In [67]:
import pandas as pd
import numpy as np

In [68]:
file_to_load="purchase_data.csv"

In [69]:
purchase_data = pd.read_csv("purchase_data.csv")

In [92]:
# Player Count

total_players = purchase_data.SN.nunique() #players are in data set multiple times
total_players_series = pd.Series({"Total Players": total_players})
total_players_series

Total Players    576
dtype: int64

In [116]:
# Purchasing Analysis (Total)

num_unique_items = purchase_data['Item Name'].nunique()
avg_purchase_price = purchase_data.Price.mean()
num_purchases = purchase_data['Purchase ID'].count()
total_revenue = purchase_data.Price.sum()


In [123]:
purchasing_analysis_df = pd.Series({
    "Number of Unique Items": int(num_unique_items), 
    "Average Price": round(avg_purchase_price, 2), 
    "Number of Purchases:": int(num_purchases),
    "Total Revenue:": round(total_revenue,2)})
purchasing_analysis_df

Number of Unique Items     179.00
Average Price                3.05
Number of Purchases:       780.00
Total Revenue:            2379.77
dtype: float64

In [37]:
# Gender Demographics

#Percentage and count of players
gender_count = purchase_data.groupby('Gender').SN.nunique() #same SN in file multiple times due to multiple purchases
gender_perc = round(gender_count / total_players * 100,2)

In [38]:
gender_demographics_df = pd.DataFrame({"Total Count":gender_count, "Percentage of Players":gender_perc})
gender_demographics_df

Unnamed: 0_level_0,Total Count,Percentage of Players
Gender,Unnamed: 1_level_1,Unnamed: 2_level_1
Female,81,14.06
Male,484,84.03
Other / Non-Disclosed,11,1.91


In [19]:
# Purchasing Analysis (Gender)

purchase_count_per_gender = purchase_data.groupby("Gender")["Purchase ID"].count()
num_persons_per_gender = purchase_data.groupby("Gender").SN.nunique()
avg_purchase_price_per_gender = purchase_data.groupby("Gender").Price.mean()
total_purchase_value_per_gender = purchase_data.groupby("Gender").Price.sum()
avg_purchase_per_person_per_gender = total_purchase_value_per_gender / num_persons_per_gender


In [122]:
purchasing_analysis_df = pd.DataFrame({
    "Purchase Count": purchase_count_per_gender, 
    "Avg Purchase Price": round(avg_purchase_price_per_gender,2),
    "Total Purchase Value": total_purchase_value_per_gender,
    "Avg Total Purchase per Person": round(avg_purchase_per_person_per_gender,2)})
purchasing_analysis_df

Unnamed: 0_level_0,Purchase Count,Avg Purchase Price,Total Purchase Value,Avg Total Purchase per Person
Gender,Unnamed: 1_level_1,Unnamed: 2_level_1,Unnamed: 3_level_1,Unnamed: 4_level_1
Female,113,3.2,361.94,4.47
Male,652,3.02,1967.64,4.07
Other / Non-Disclosed,15,3.35,50.19,4.56


In [None]:
# Age Demographics

max_age = purchase_data.Age.max()

In [21]:
#Deterine number of bins needed.
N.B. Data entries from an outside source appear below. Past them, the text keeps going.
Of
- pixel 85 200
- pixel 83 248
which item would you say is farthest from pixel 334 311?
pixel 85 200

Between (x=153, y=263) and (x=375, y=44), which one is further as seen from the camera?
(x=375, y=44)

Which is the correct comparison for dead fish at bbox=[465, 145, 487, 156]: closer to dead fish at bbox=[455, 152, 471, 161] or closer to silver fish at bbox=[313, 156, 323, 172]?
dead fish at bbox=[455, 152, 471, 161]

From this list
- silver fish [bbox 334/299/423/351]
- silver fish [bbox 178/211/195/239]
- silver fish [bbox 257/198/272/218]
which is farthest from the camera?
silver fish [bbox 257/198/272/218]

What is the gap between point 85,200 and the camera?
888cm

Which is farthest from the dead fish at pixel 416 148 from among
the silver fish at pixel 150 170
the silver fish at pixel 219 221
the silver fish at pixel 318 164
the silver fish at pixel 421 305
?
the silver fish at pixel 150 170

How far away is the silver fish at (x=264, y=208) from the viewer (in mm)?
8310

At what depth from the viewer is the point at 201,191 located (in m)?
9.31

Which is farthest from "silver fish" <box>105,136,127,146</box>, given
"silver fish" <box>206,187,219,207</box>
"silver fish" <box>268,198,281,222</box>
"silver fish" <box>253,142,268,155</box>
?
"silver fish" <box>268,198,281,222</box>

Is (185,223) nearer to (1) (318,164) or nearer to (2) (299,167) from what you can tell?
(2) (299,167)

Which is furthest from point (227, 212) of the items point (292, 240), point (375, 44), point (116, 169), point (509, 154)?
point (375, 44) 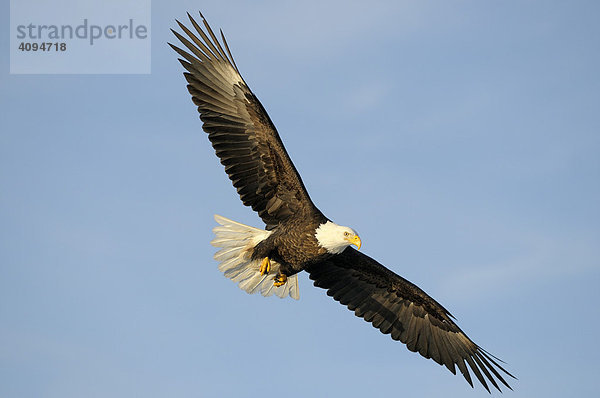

Divide by 5-year groupings. Subtract 9 for first group 0 - 9 years old.
num_bins = (max_age - 9) / 5

#If division by 5 returns a remainder, need an additional bin for that 0.xx person.
if num_bins % 5 != 0:
    num_bins += 1

#Create bins_list containing upper ages of age ranges.
#Create labels_lists containing age ranges.
bins_list = [0, 9] #accounting for first range < 10 years old
labels_list = ["<10"]
upper_bin_age = 9
for i in range(int(num_bins)):
    upper_bin_age += 5
    bins_list.append(upper_bin_age)
    labels_list.append(str(upper_bin_age - 4) + "-" + str(upper_bin_age))

In [None]:
#create new column 'age_bin'
purchase_data['age_bin'] = pd.cut(purchase_data['Age'], bins=bins_list, labels=labels_list)

In [112]:
#Total count and Percentage of Players per age group

player_count_by_age_group = purchase_data.groupby('age_bin').SN.nunique()
player_percentage_by_age_group = round(player_count_by_age_group / total_players * 100, 2)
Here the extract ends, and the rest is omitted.